Gunmen kidnap five policemen as clashes erupt in Iraq

May 18, 2013 06:41 pm | Updated November 16, 2021 08:20 pm IST - Ramadi

Iraqis gather at the scene of a bomb attack in Baqouba, northeast of Baghdad, Iraq, on May 17, 2013, that killed dozens of people at a Sunni mosque as worshippers were emerging from Friday prayers.

Iraqis gather at the scene of a bomb attack in Baqouba, northeast of Baghdad, Iraq, on May 17, 2013, that killed dozens of people at a Sunni mosque as worshippers were emerging from Friday prayers.

Armed tribesmen clashed with Iraqi troops on Saturday in the Sunni-dominated province of Anbar, where gunmen kidnapped five policemen, security officials said.

The policemen were abducted on Saturday while on their way to a police station about 160 km east of Ramadi.

Ramadi is the main city in the province, which has been a focal point for anti-government protests that began in December against the Shiite-led Government.

In the Abu Risha area north of Ramadi, clashes erupted when troops sought to enter the area. Troops withdrew after three hours of gunfire, during which two tribesmen were killed.

A member of the Abu Risha tribe is accused in the killings of five soldiers in April.
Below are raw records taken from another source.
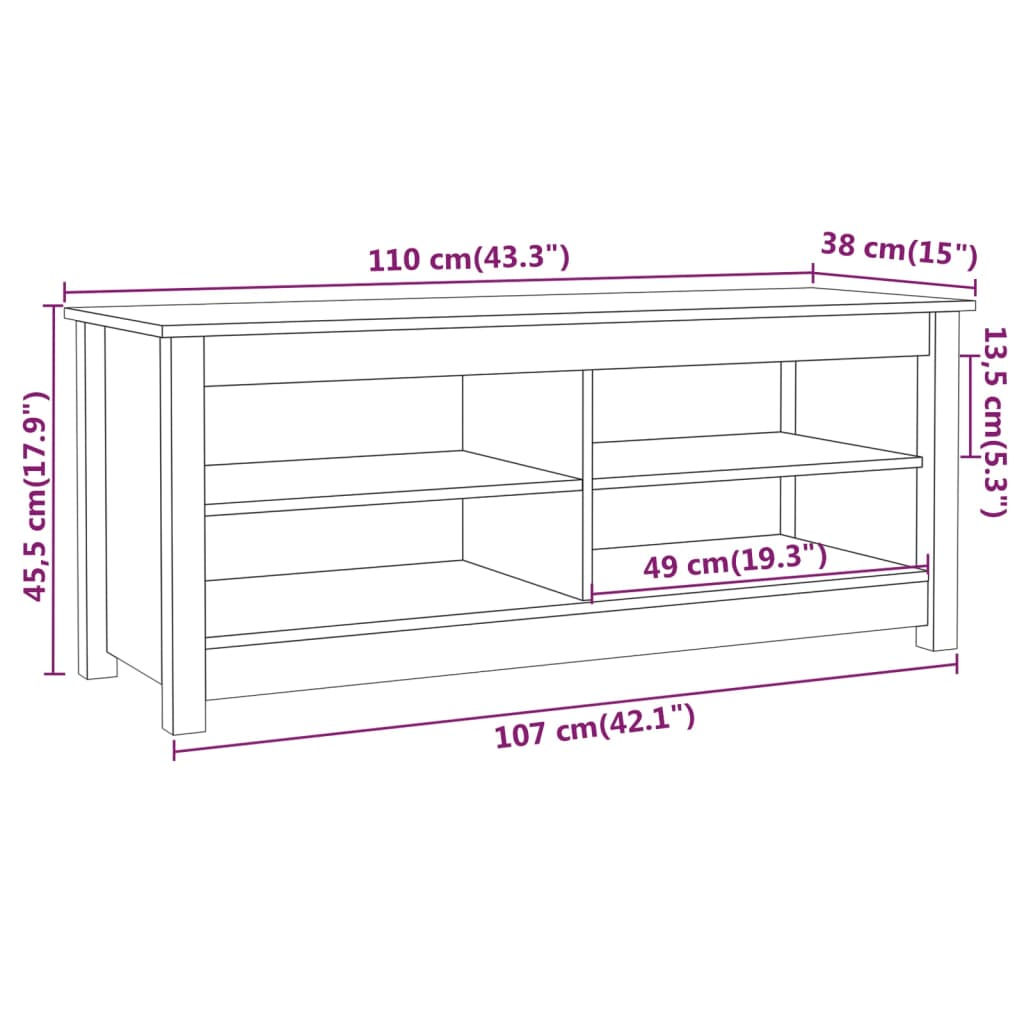 vidaXL Scarpiera Grigia 110x38x45,5 cm in Legno Massello di Pino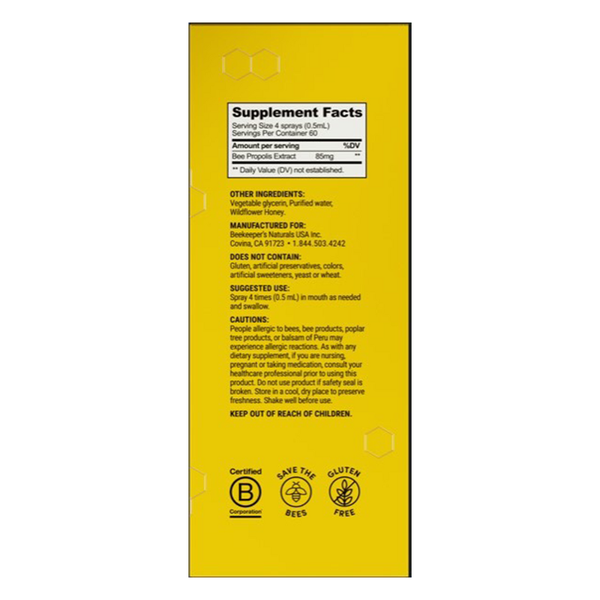 Propolis Immune Support Spray Supplement Facts Label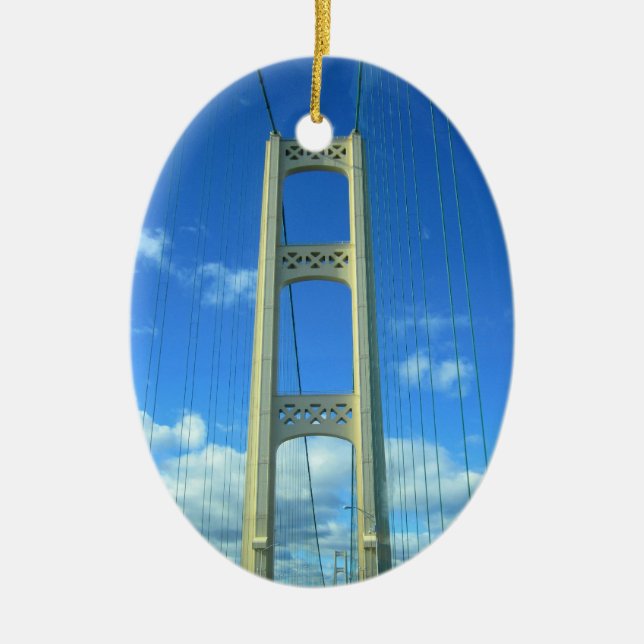 The Mackinac Bridge Ceramic Tree Decoration (Front)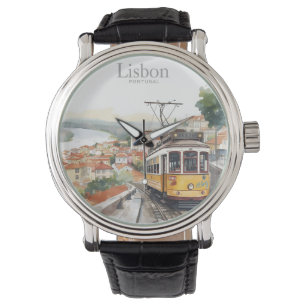 Lisbon Portugal skyline - Vintage tram Travel Art Watch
The soldiers were killed near a protest camp a few days after about 53 people were killed and 110 injured in clashes that followed the army’s crackdown on Sunni protesters in the town of Heweja, near the oil-producing northern city of Kirkuk.

The clampdown further infuriated Iraq’s Sunni minority, which has held protests demanding that Prime Minister Nuri al-Maliki repeal laws they claimed target Sunnis.

On Friday, a series of bombings killed at least 90 people and wounded more than 180 in Iraq.

A rise in attacks in recent months has stoked fears of a return to the kind of sectarian violence that drove Iraq to the brink of civil war in 2006 and 2007.